A lightweight, extensible shell and feature system for .NET projects that lets you build modular and multi-tenant apps with per-shell DI containers and config-driven features.
CShells is useful whenever you want clear modular boundaries, configurable feature sets, and isolated dependency graphs inside a .NET application.
Model each functional area (e.g., Core, Billing, Reporting) as a feature and group them into shells that can be enabled or disabled via configuration. This keeps a monolithic codebase modular and lets you turn features on or off without code changes.
Treat each tenant as a shell with its own configuration and feature set. You can roll out features gradually, offer different capabilities per tenant, and keep tenant-specific services (e.g., integrations, branding, limits) isolated in per-shell DI containers.
Use shells to represent different plans (Basic, Pro, Enterprise) or environments (Development, Staging, Production), each enabling a different set of features. This lets you keep one codebase while varying behavior and dependencies based on environment, subscription level, or other criteria.
Build your own modular application framework where modules are implemented as features discovered at startup. CShells’ feature discovery and ordering, combined with per-shell DI, make it a good fit for CMSs, CRMs, ERP-style systems, and frameworks similar to Orchard Core or ABP.

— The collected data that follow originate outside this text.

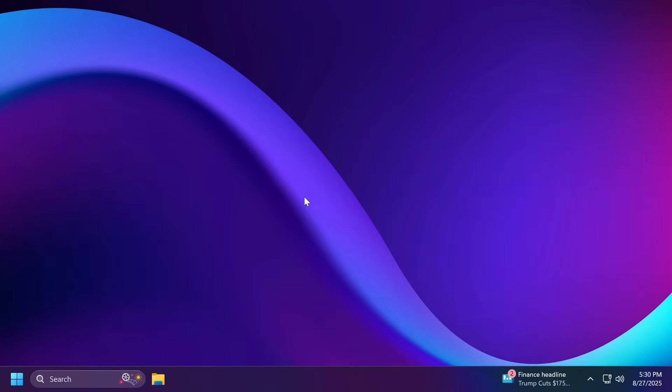Hi guys and welcome to TechBase. In this video we're going to talk about Windows 11 25H2 and basically everything that you need to know about this new version of Windows 11 that will be released this year.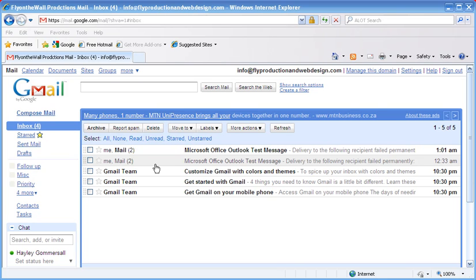How to configure your Gmail account so that the emails that you have in your Gmail account can be downloaded to your Microsoft Outlook program. First of all, log into your Gmail account.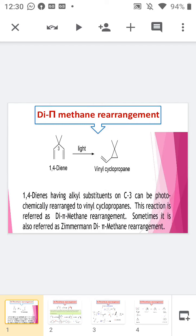Good afternoon everybody. Today we are discussing the next topic of photochemistry, that is the di-π-methane rearrangement. In this rearrangement, our starting material is a 1,4-diene having an alkyl substituent on C3, which can be photochemically rearranged to form a vinyl cyclopropane. This reaction is referred to as the di-π-methane rearrangement, or sometimes as the Zimmerman di-π-methane rearrangement.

Model each brand or deployment as a shell with its own enabled features, configuration, and DI registrations. You can share the same core features while varying branding, integrations, or compliance-related components per shell.
Expose extension points as features that can be discovered from additional assemblies and loaded into shells. This enables plugin-style architectures where internal teams or third parties can add capabilities without modifying the core app.
Use shells to represent different API surfaces (mobile, web, partner, admin) with their own middleware, endpoints, and policies. Each shell can have tailored dependencies and configuration while still sharing common infrastructure and hosting.
Introduce CShells into an existing application and start moving functionality into features and shells incrementally. This allows you to modularize and isolate areas of a legacy system over time without a big-bang rewrite.
CShells provides multiple NuGet packages for different use cases:
| Package | Description | When to Use |
|---|---|---|
| CShells.Abstractions | Core interfaces and models (IShellFeature, ShellSettings, ShellId) | Reference this in feature class libraries to avoid depending on the full framework |
| CShells.AspNetCore.Abstractions | ASP.NET Core interfaces (IWebShellFeature) | Reference this in ASP.NET Core feature class libraries for web endpoint support |
| CShells | Core framework implementation | Reference this in your main application project |
| CShells.AspNetCore | ASP.NET Core integration (middleware, routing, resolvers) | Reference this in your ASP.NET Core application project |
| CShells.Providers.FluentStorage | FluentStorage-based shell configuration provider | Use when loading shell configurations from disk, cloud storage, etc. |
YourSolution/
├── src/
│ ├── YourApp/ # Main ASP.NET Core application
│ │ └── YourApp.csproj # References: CShells, CShells.AspNetCore, YourApp.Features
│ └── YourApp.Features/ # Feature definitions library
│ └── YourApp.Features.csproj # References: CShells.AspNetCore.Abstractions only
This structure allows your feature library to remain lightweight with minimal dependencies, while your main application references the full CShells implementation.
Features implement IShellFeature for service registration:
using CShells.Features;
using Microsoft.Extensions.DependencyInjection;
public class CoreFeature : IShellFeature
{
public void ConfigureServices(IServiceCollection services)
{
services.AddSingleton<ITimeService, TimeService>();
}
}
For ASP.NET Core applications with HTTP endpoints, implement IWebShellFeature:
using CShells.AspNetCore.Features;
using Microsoft.Extensions.DependencyInjection;
public class ApiFeature : IWebShellFeature
{
public void ConfigureServices(IServiceCollection services)
{
services.AddSingleton<IApiService, ApiService>();
}
public void MapEndpoints(IEndpointRouteBuilder endpoints, IHostEnvironment? environment)
{
endpoints.MapGet("api/status", () => new { Status = "OK" });
}
}
Best Practice: Define your features in a separate class library that only references CShells.Abstractions (or CShells.AspNetCore.Abstractions for web features). This keeps your feature definitions lightweight and independent of the full framework implementation.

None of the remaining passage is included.